Однако ж ее объяснения должны казаться естественными и непредвзятыми.
– Непосредственно с теми, кто живет на поверхности, они не станут и разговаривать, – продолжала Луна, – однако порой беседуют с нашими речными нимфами. Через них мы время от времени сообщаемся с эстуарием[30] Темзы близ Грейвзенда. Таким-то образом Инвидиана и договорилась о моем посольстве. Морские жители согласились принять меня у себя. Что королева посулила им за эту уступку, мне неизвестно.
– И вы отправились в море одна? – спросила посланница.
– В сопровождении двух нимф из эстуария: они переносят соленую воду лучше речных сестер. Ну, а дальше мне помогали жители моря.
– Но как же вы к ним попали?
Все это Луна явственно помнила до сих пор – и свист воздуха в ушах, и вынимающий душу страх: вдруг Инвидиана попросту сыграла над нею жестокую шутку?
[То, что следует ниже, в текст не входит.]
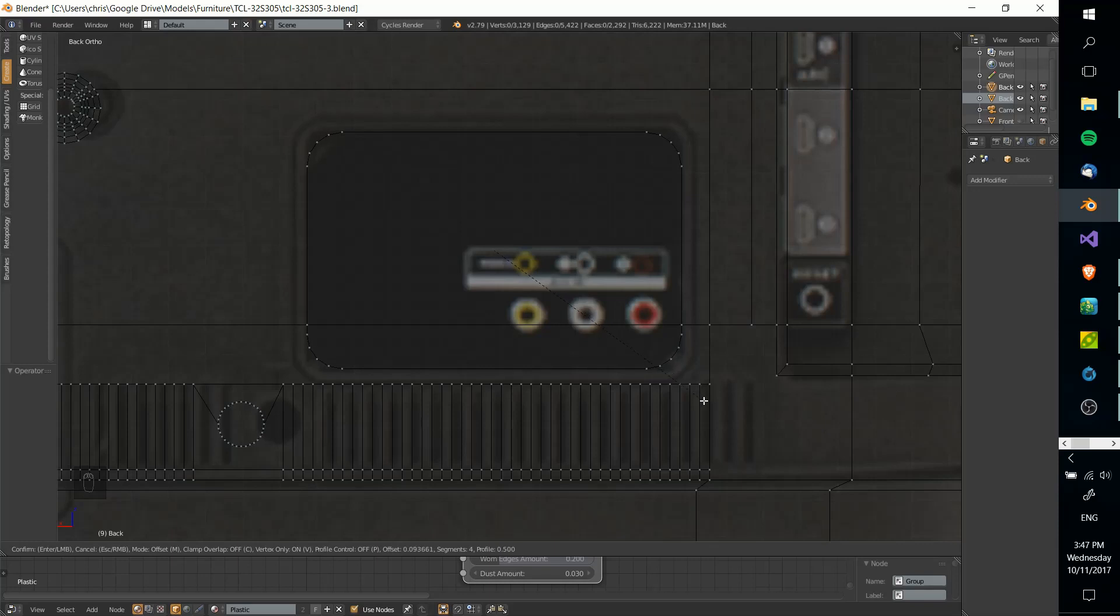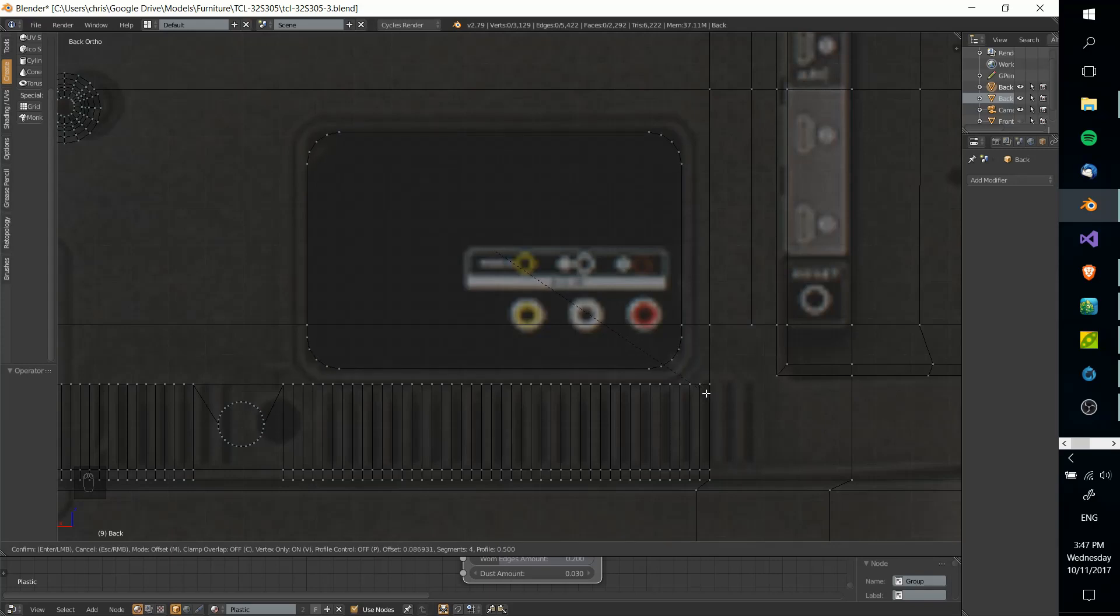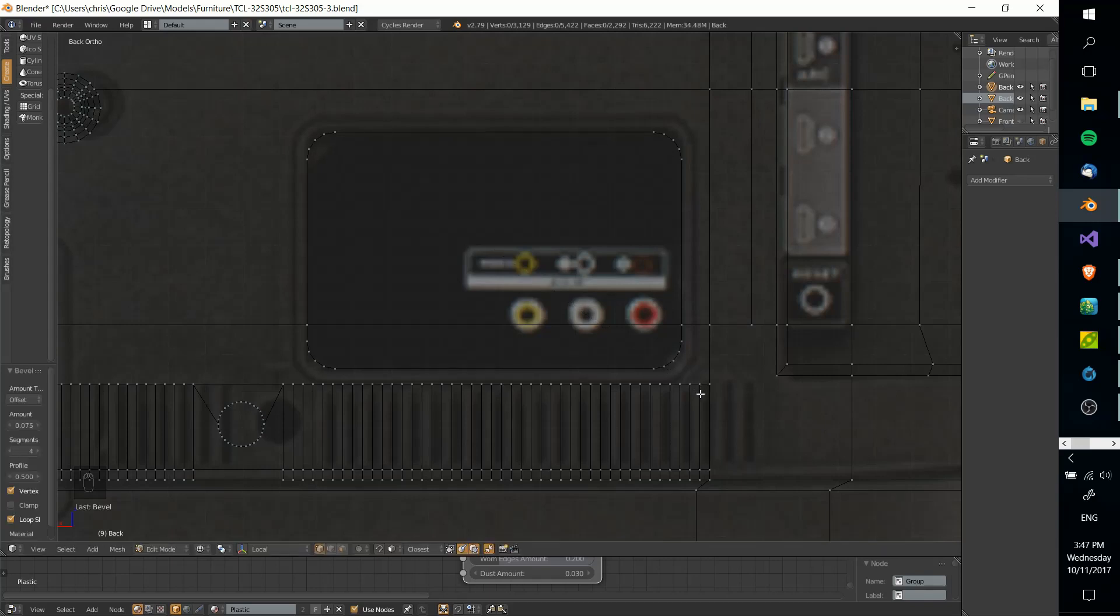It spreads it out evenly. I can drag this in and out to determine the length and distance of the corner. When I get enough segments in and have it in the right spot, I can just left-click, and that's really all there is to it.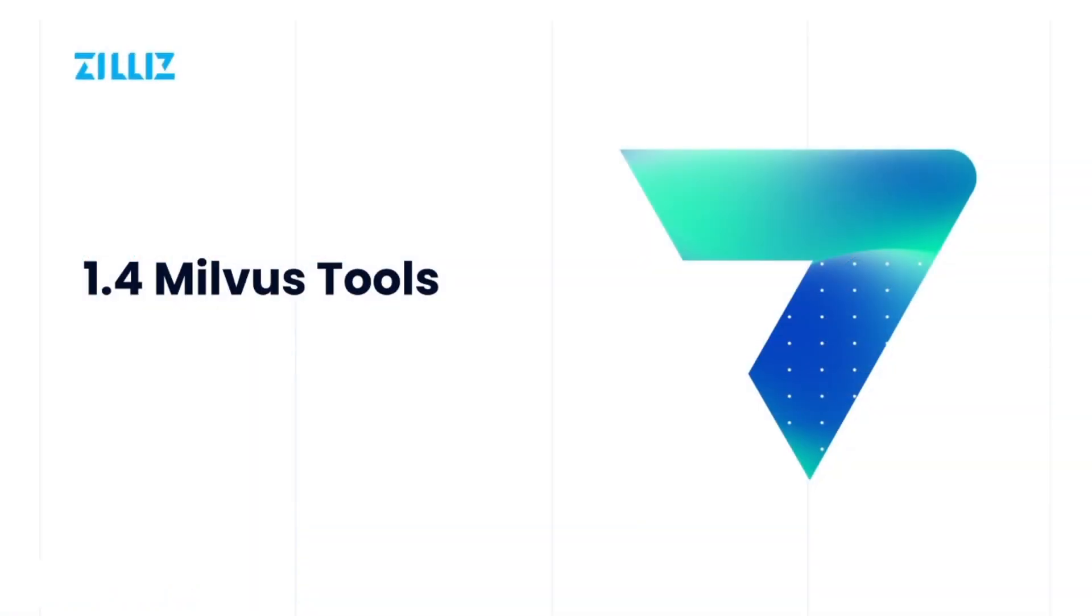Hi everyone, this is the fourth session of the introduction to Milvus course. My name is Mia and I will be the instructor for this lesson.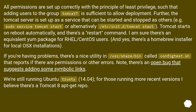Note there's an open bug that suggests adding some symbolic links. We're still running Ubuntu Trusty 14.04, but for those running more recent versions, there is a Tomcat 8 package at GetRepo.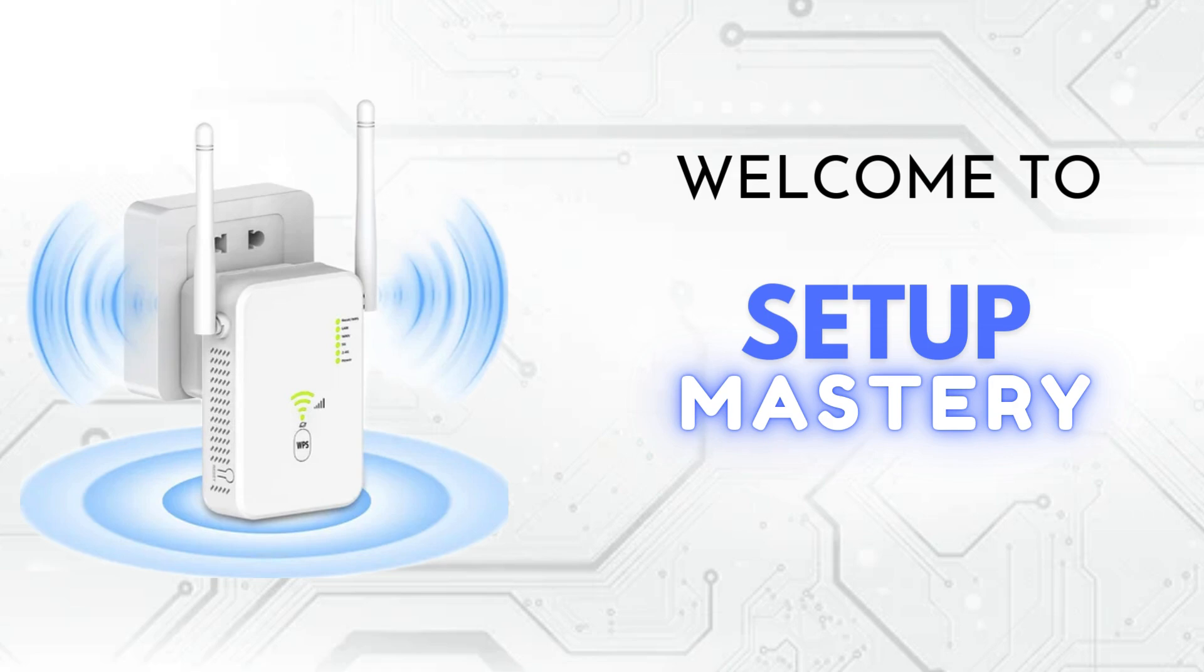Welcome to Setup Mastery, your go-to channel for all things tech. Here, we explore the latest gadgets, unbox cutting-edge devices, and provide step-by-step installation guides to help you optimize your setup. Subscribe now and join our journey to master the art of perfect setups.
Луна смежила веки, но тут же велела себе открыть глаза и встретилась взглядом с мадам Маллин.
– Прыгнула вниз с белых скал Дувра. И это, madame ambassadrice, все, что я сегодня скажу. Если хотите знать больше, продемонстрируйте, чем можете мне помочь.
Поднявшись, она отступила от табурета, расправила перепачканные юбки и склонилась перед посланницей в реверансе.
Мадам Маллин смерила ее взглядом и задумчиво кивнула.
– Oui[31], леди Луна. Так я и сделаю. И с нетерпением буду ждать продолжения вашей повести.
Спустя минуту она удалилась, и дверь вновь захлопнулась, преграждая свету путь внутрь. Однако мягкий табурет остался в темнице, точно залог, обещание скорой помощи.
Сент-Джеймсский дворец, Вестминстер,
10 апреля 1590 г.
«Напоследок же изо рта его и из носа хлынула моча, окутав все вокруг столь гнусною вонью, что ни один из его прихвостней и близко не смог к нему подойти…»
Смятое донесение хрустнуло в кулаке. Пришлось усилием воли заставить себя разжать стиснувшиеся пальцы. Положив лист на стол, Девен расправил бумагу. Швырнуть бы ее в огонь… но нет. Нельзя.
Уолсингема едва поместили в склеп, а католики уже торжествуют, злорадствуют, распускают поганые сплетни. Даже смерть главного секретаря изображают настолько омерзительной, что…
Бумага вновь захрустела в руке. Девен с досадливым рыком повернулся к ней спиной.
И как раз вовремя, чтобы увидеть входящего в комнату Била. Судя по виду, спал старик ночью скверно, однако держался собранно, хладнокровно. Взгляд Била скользнул за спину Девена и остановился на смятом листке бумаги.